##### RECORDED DATA #####
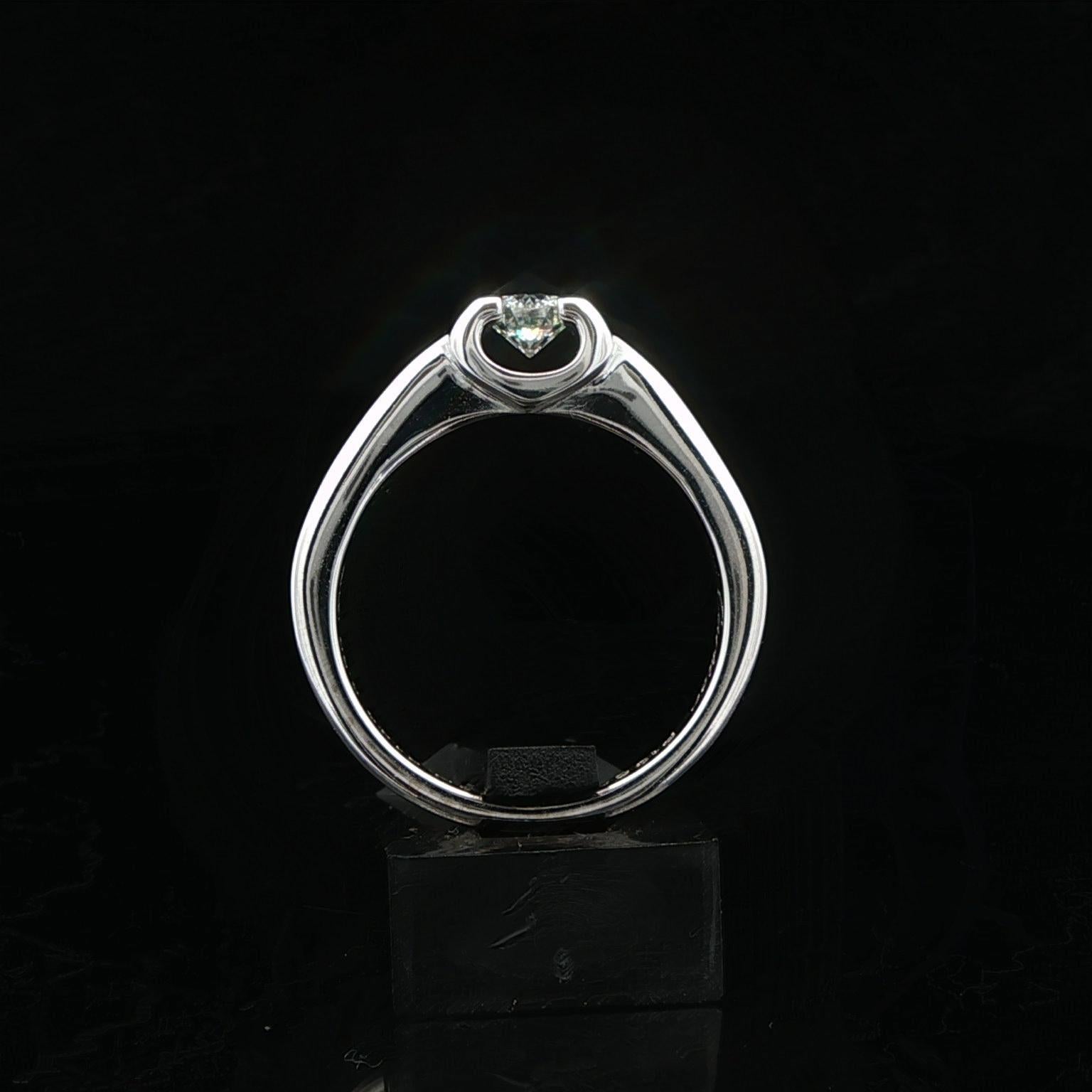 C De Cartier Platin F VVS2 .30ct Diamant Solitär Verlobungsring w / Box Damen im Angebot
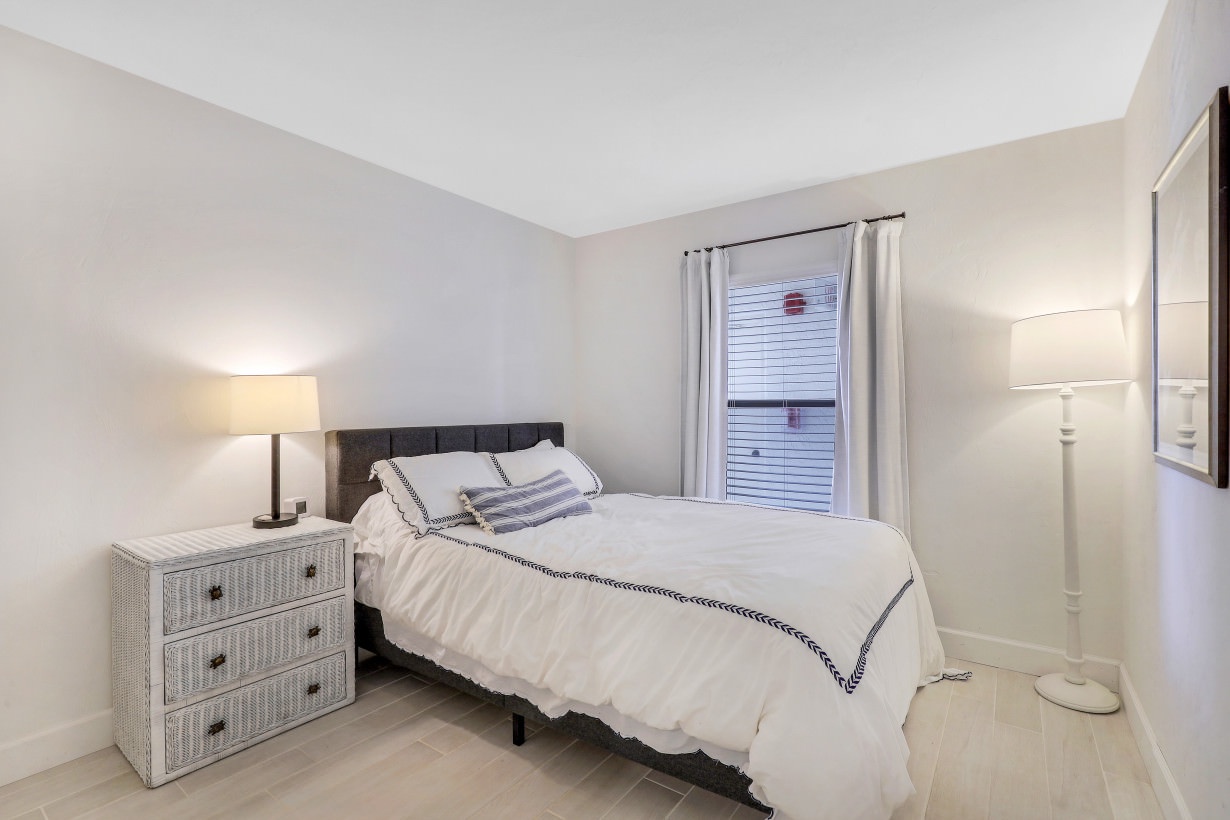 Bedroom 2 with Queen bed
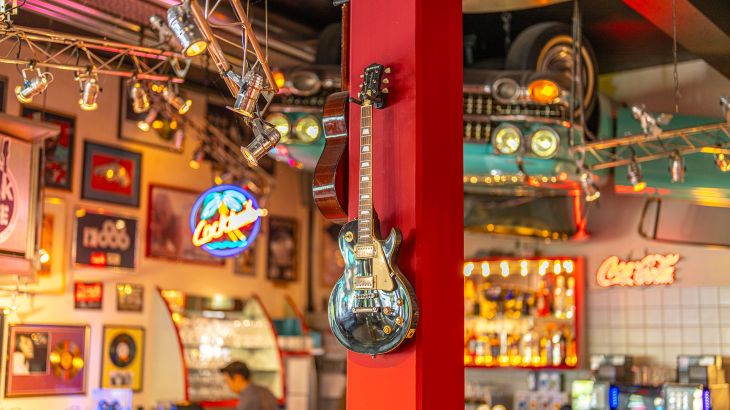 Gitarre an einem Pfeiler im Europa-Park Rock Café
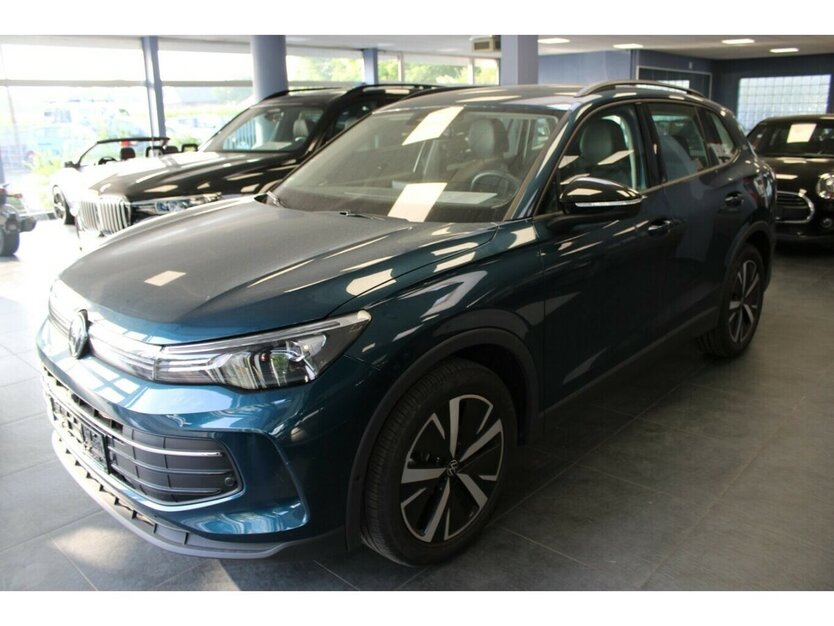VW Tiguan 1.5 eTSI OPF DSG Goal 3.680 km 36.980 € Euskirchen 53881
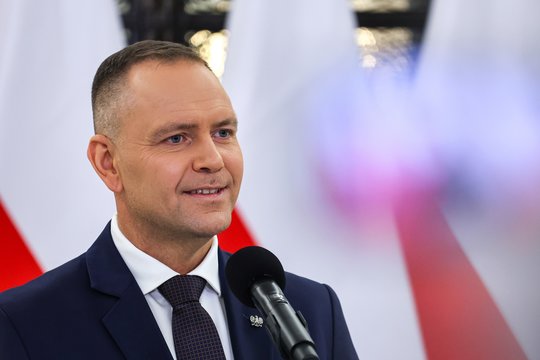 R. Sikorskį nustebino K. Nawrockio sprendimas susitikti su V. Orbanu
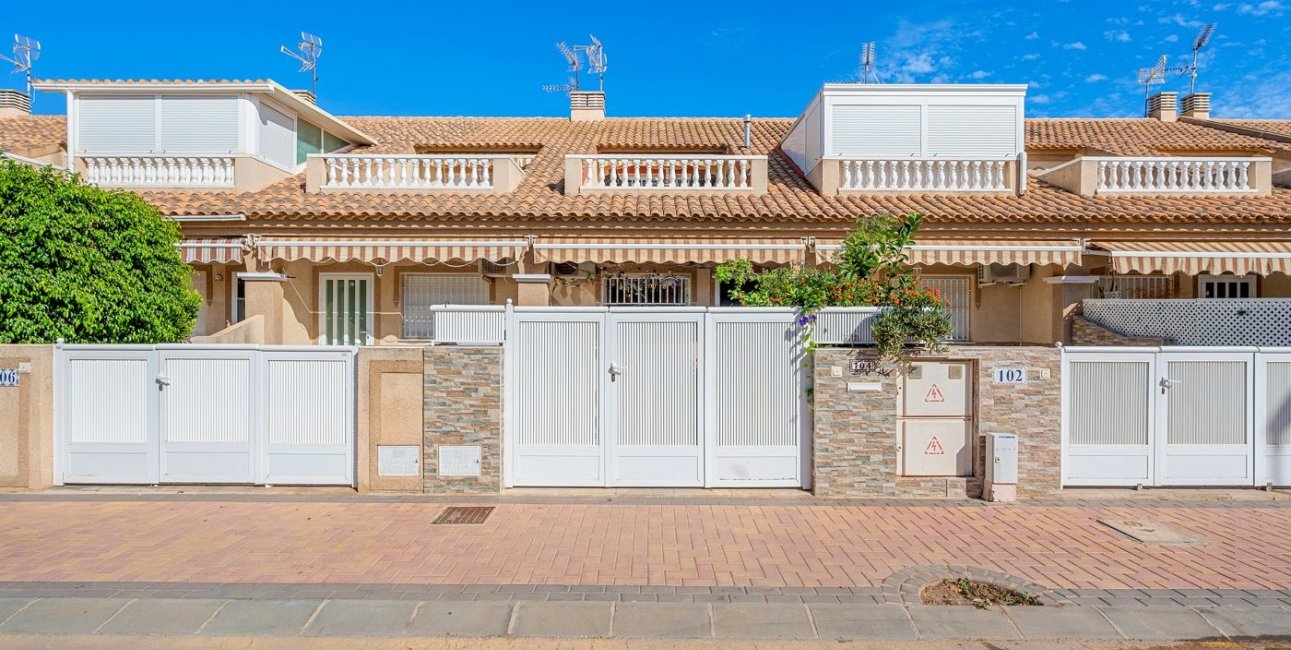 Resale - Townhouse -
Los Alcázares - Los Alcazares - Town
#####
Every line from the one containing "Bedroom 2 with Queen bed" to the last line of the material must be returned exactly. Leave out any pictures.

 Bedroom 2 with Queen bed
 Gitarre an einem Pfeiler im Europa-Park Rock Café
VW Tiguan 1.5 eTSI OPF DSG Goal 3.680 km 36.980 € Euskirchen 53881
 R. Sikorskį nustebino K. Nawrockio sprendimas susitikti su V. Orbanu
 Resale - Townhouse -
Los Alcázares - Los Alcazares - Town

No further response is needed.